(DATA FOR THE TASK Opens)
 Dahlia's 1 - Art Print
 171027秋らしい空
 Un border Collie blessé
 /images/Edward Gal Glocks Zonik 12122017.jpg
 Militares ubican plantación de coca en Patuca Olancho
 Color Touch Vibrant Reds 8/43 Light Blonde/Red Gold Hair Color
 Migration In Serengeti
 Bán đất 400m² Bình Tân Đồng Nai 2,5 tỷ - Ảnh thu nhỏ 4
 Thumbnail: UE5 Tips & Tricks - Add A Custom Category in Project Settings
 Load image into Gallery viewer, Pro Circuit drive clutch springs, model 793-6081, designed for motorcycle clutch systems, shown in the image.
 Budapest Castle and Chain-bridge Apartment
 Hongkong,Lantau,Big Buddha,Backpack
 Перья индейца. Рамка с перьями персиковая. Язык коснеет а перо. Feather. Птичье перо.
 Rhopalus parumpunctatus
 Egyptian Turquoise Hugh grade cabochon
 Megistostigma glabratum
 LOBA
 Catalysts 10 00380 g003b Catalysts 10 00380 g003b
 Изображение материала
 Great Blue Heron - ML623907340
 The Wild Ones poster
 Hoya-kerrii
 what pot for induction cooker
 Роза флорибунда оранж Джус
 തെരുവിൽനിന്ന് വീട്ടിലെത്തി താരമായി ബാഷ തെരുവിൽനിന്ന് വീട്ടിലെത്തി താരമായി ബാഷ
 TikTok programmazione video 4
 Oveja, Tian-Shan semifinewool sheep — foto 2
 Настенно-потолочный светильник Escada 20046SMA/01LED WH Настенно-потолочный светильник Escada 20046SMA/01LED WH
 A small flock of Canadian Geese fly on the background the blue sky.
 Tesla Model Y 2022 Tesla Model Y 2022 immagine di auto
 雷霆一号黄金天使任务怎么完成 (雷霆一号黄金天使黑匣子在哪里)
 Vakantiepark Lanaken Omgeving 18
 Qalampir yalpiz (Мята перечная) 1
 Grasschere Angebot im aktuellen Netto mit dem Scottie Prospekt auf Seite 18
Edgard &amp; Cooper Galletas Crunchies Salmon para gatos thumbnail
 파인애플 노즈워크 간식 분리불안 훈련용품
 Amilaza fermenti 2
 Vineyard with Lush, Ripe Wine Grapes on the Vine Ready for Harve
(DATA FOR THE TASK Closes)
> TASK DIRECTIONS
Output the entries above word for word.

> OUTPUT BELOW
 Dahlia's 1 - Art Print
 171027秋らしい空
 Un border Collie blessé
 /images/Edward Gal Glocks Zonik 12122017.jpg
 Militares ubican plantación de coca en Patuca Olancho
 Color Touch Vibrant Reds 8/43 Light Blonde/Red Gold Hair Color
 Migration In Serengeti
 Bán đất 400m² Bình Tân Đồng Nai 2,5 tỷ - Ảnh thu nhỏ 4
 Thumbnail: UE5 Tips & Tricks - Add A Custom Category in Project Settings
 Load image into Gallery viewer, Pro Circuit drive clutch springs, model 793-6081, designed for motorcycle clutch systems, shown in the image.
 Budapest Castle and Chain-bridge Apartment
 Hongkong,Lantau,Big Buddha,Backpack
 Перья индейца. Рамка с перьями персиковая. Язык коснеет а перо. Feather. Птичье перо.
 Rhopalus parumpunctatus
 Egyptian Turquoise Hugh grade cabochon
 Megistostigma glabratum
 LOBA
 Catalysts 10 00380 g003b Catalysts 10 00380 g003b
 Изображение материала
 Great Blue Heron - ML623907340
 The Wild Ones poster
 Hoya-kerrii
 what pot for induction cooker
 Роза флорибунда оранж Джус
 തെരുവിൽനിന്ന് വീട്ടിലെത്തി താരമായി ബാഷ തെരുവിൽനിന്ന് വീട്ടിലെത്തി താരമായി ബാഷ
 TikTok programmazione video 4
 Oveja, Tian-Shan semifinewool sheep — foto 2
 Настенно-потолочный светильник Escada 20046SMA/01LED WH Настенно-потолочный светильник Escada 20046SMA/01LED WH
 A small flock of Canadian Geese fly on the background the blue sky.
 Tesla Model Y 2022 Tesla Model Y 2022 immagine di auto
 雷霆一号黄金天使任务怎么完成 (雷霆一号黄金天使黑匣子在哪里)
 Vakantiepark Lanaken Omgeving 18
 Qalampir yalpiz (Мята перечная) 1
 Grasschere Angebot im aktuellen Netto mit dem Scottie Prospekt auf Seite 18
Edgard &amp; Cooper Galletas Crunchies Salmon para gatos thumbnail
 파인애플 노즈워크 간식 분리불안 훈련용품
 Amilaza fermenti 2
 Vineyard with Lush, Ripe Wine Grapes on the Vine Ready for Harve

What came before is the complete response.